Speaking on a panel about shareholder activism, Grant said “if [a board doesn’t] think about what to do when an activist comes knocking until they come knocking, [they’ve] already lost.”
Activist shareholders underscore the importance of communications between the board and investors, according to Margaret M. Foran, chief governance officer, vice president and corporate secretary of Prudential Financial Inc.
Investors are interested in a number of board issues, Foran said, including board methods of self-evaluation, tenure, diversity and proxy access. “When you get the call from an activist, [the issue they have] should not be a surprise,” she said.
Foran discussed the engagement strategy that the Prudential board uses to communicate with institutional shareholders and gauge where their interests lie. If an activist investor approaches the board, “you want to be seen as a straight shooter.”
She said simply talking to investors about what’s on their mind is extremely informative. Specifically, meetings between shareholders and the board are useful communication channels.
Foran said she was present during the first-ever meeting between the Pfizer Inc. board and some of the company’s institutional investors. She said it was a good opportunity to create a dialogue and for the investors to see that the board members were not just “smoking cigars and eating bonbons” during the meeting.

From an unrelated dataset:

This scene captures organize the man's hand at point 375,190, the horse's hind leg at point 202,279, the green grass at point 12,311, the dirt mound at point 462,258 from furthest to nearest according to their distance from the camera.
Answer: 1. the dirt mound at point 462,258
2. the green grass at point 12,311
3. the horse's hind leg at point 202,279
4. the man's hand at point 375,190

She added that not every board member needs to engage with shareholders. “It’s a skill,” said Foran, “you have to be camera ready.”
Grant added that it is OK for board members to ask questions. “I think we’re starting to see boards be more inquisitive now,” he said.
The panelists also touched on new developments related to shareholder activism. Elizabeth A. Ising, partner at Gibson Dunn & Crutcher, noted that companies “are doing different things” in response to the Securities and Exchange Commission's recent announcement that it will be reviewing the rule that allows companies to omit from their proxy materials resolutions that directly conflict with a management proposal. Ising said the spectrum of responses was wide, highlighting on one end of the spectrum General Electric Co., which amended its bylaws to allow proxy access without a shareholder proposal.
Grant also mentioned the proposed legislation by the Delaware State Bar's Corporation Law Council that would prohibit stock corporations from enacting fee-shifting bylaws or charter provisions. He said that the law has a “decent liklihood of passing,” but joked that “nobody's safe when Parliament's in session.”